How to complete this task.
Reproduce the whole of the records exactly, and make sure no picture is carried into the result.

Short descriptive text snippets.
[Start of Attachment]
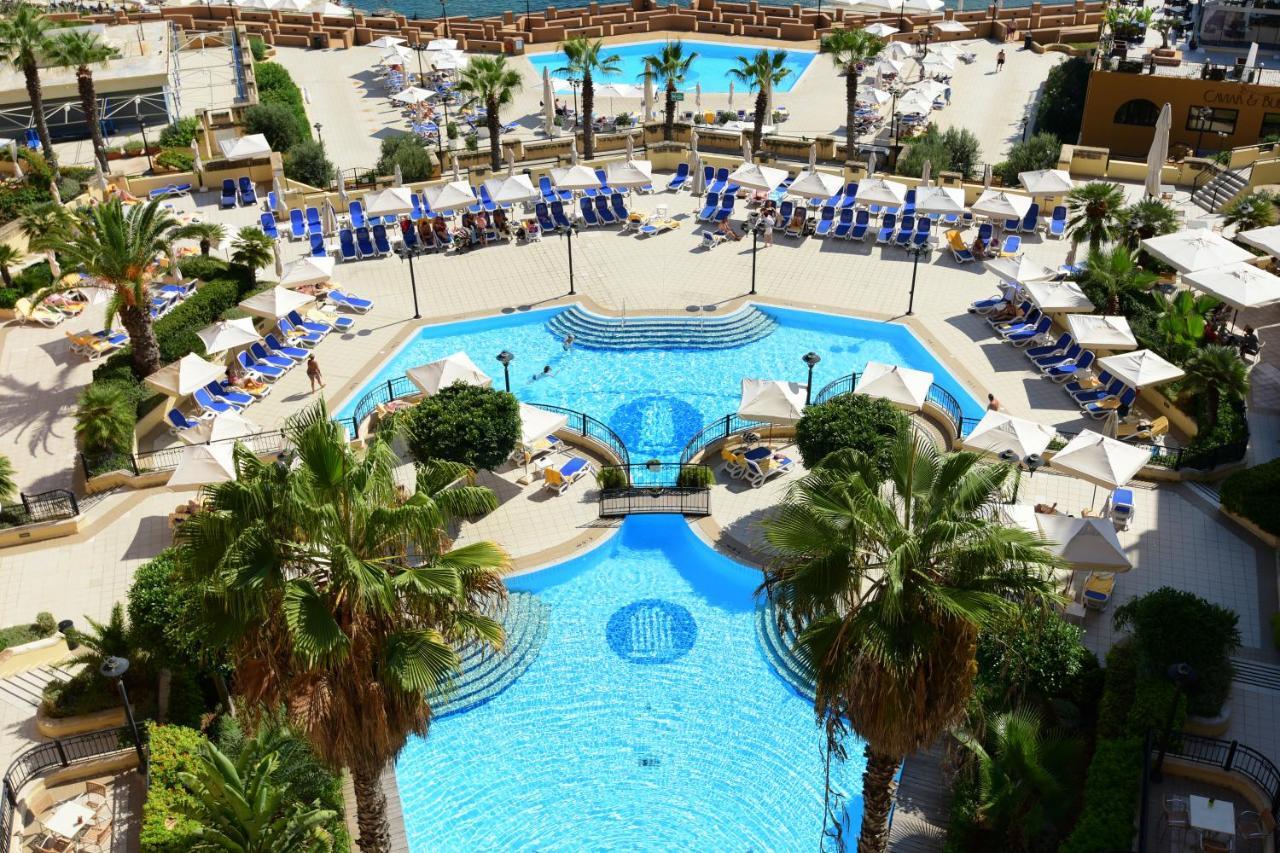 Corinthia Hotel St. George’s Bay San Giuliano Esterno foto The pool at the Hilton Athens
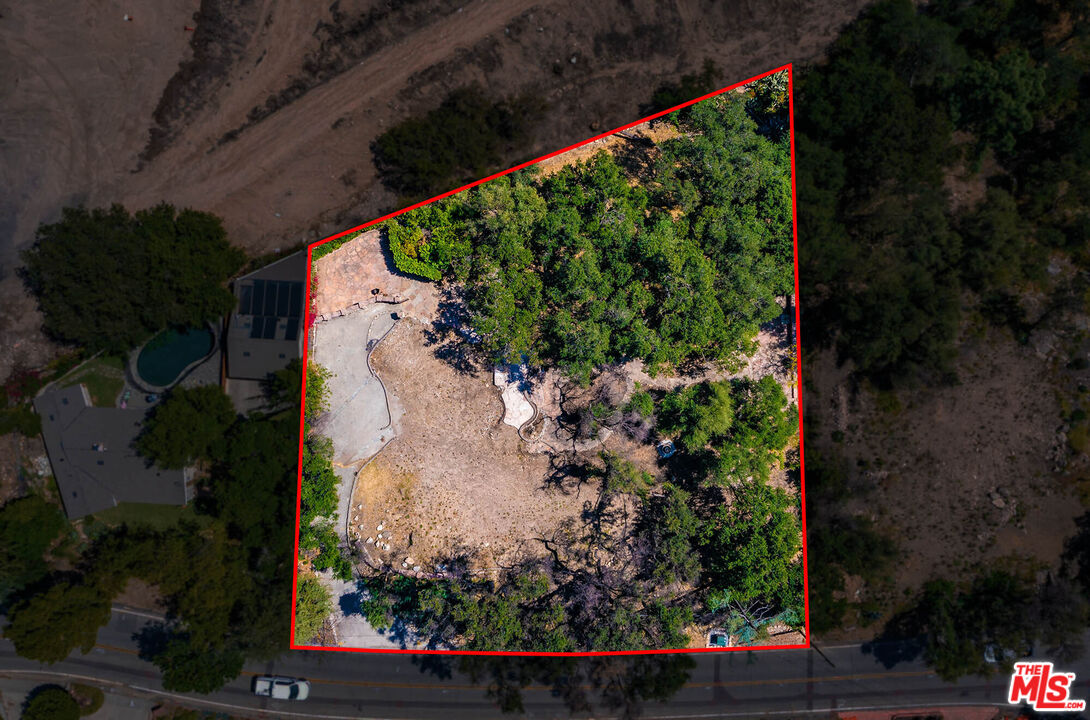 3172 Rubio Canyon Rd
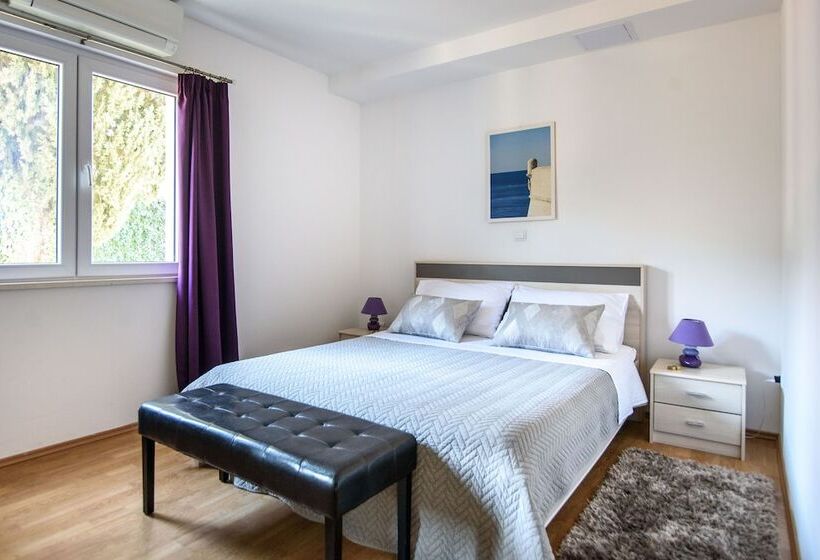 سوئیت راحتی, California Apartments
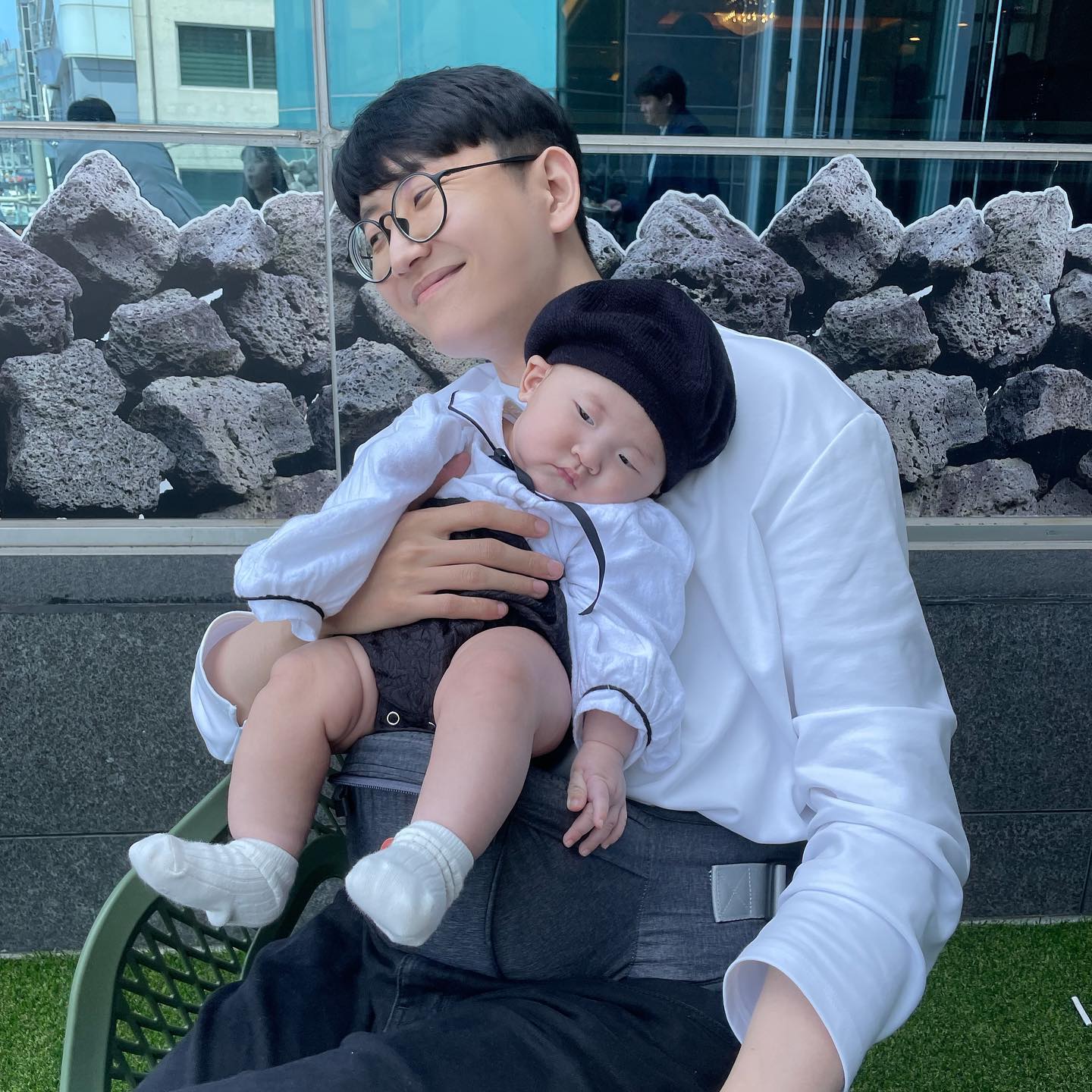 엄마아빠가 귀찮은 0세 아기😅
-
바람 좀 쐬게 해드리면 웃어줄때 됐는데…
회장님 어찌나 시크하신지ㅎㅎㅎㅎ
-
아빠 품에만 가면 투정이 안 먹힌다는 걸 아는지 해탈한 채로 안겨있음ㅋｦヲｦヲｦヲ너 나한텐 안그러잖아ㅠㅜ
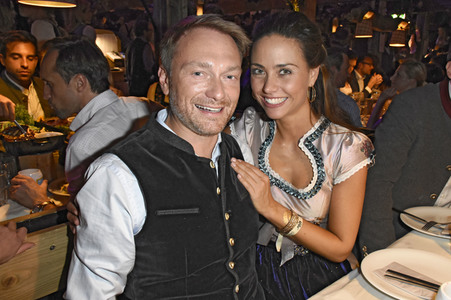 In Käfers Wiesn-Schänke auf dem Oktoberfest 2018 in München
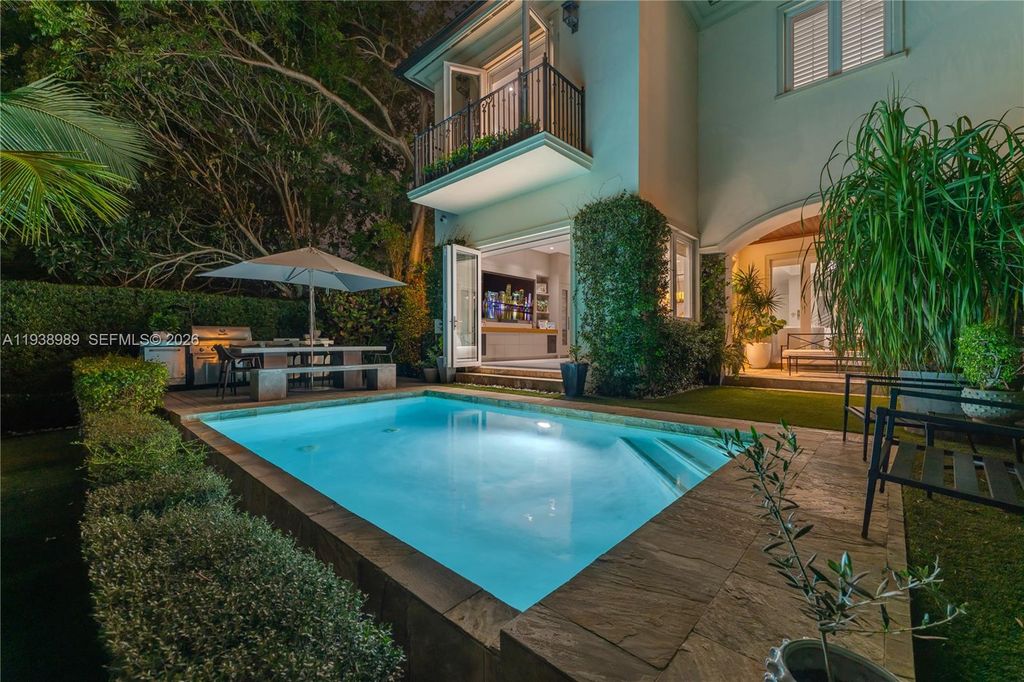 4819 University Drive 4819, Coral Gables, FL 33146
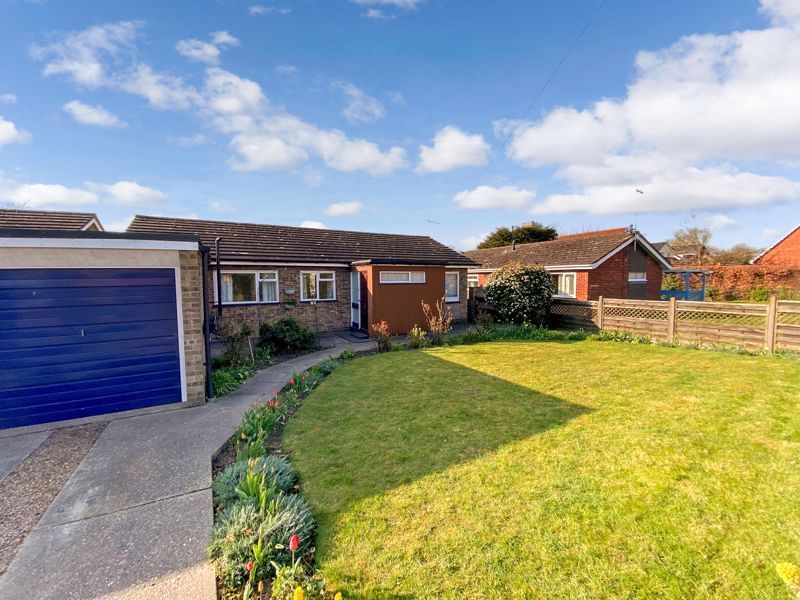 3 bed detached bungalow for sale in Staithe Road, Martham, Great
[End of Attachment]
Reply.
 Corinthia Hotel St. George’s Bay San Giuliano Esterno foto The pool at the Hilton Athens
 3172 Rubio Canyon Rd
 سوئیت راحتی, California Apartments
 엄마아빠가 귀찮은 0세 아기😅
-
바람 좀 쐬게 해드리면 웃어줄때 됐는데…
회장님 어찌나 시크하신지ㅎㅎㅎㅎ
-
아빠 품에만 가면 투정이 안 먹힌다는 걸 아는지 해탈한 채로 안겨있음ㅋｦヲｦヲｦヲ너 나한텐 안그러잖아ㅠㅜ
 In Käfers Wiesn-Schänke auf dem Oktoberfest 2018 in München
 4819 University Drive 4819, Coral Gables, FL 33146
 3 bed detached bungalow for sale in Staithe Road, Martham, Great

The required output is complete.